SOURCE DATA:
▼

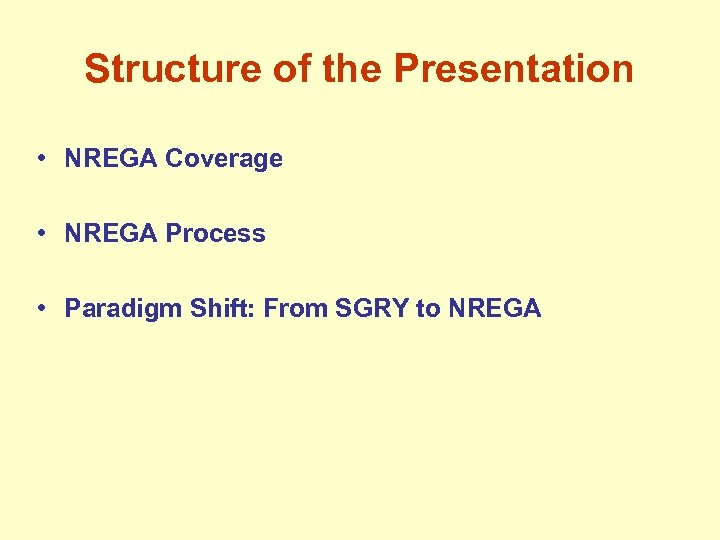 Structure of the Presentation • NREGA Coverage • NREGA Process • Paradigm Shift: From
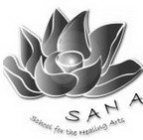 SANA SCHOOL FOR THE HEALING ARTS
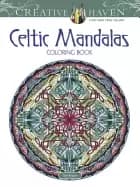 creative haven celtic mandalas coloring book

▲

EXERCISE DIRECTIONS: Beginning with the line that contains "SANA SCHOOL FOR THE HEALING ARTS" and ending with the final line of the listing, return each line exactly. Omit all pictures.

REPLY TO THE EXERCISE:
 SANA SCHOOL FOR THE HEALING ARTS
 creative haven celtic mandalas coloring book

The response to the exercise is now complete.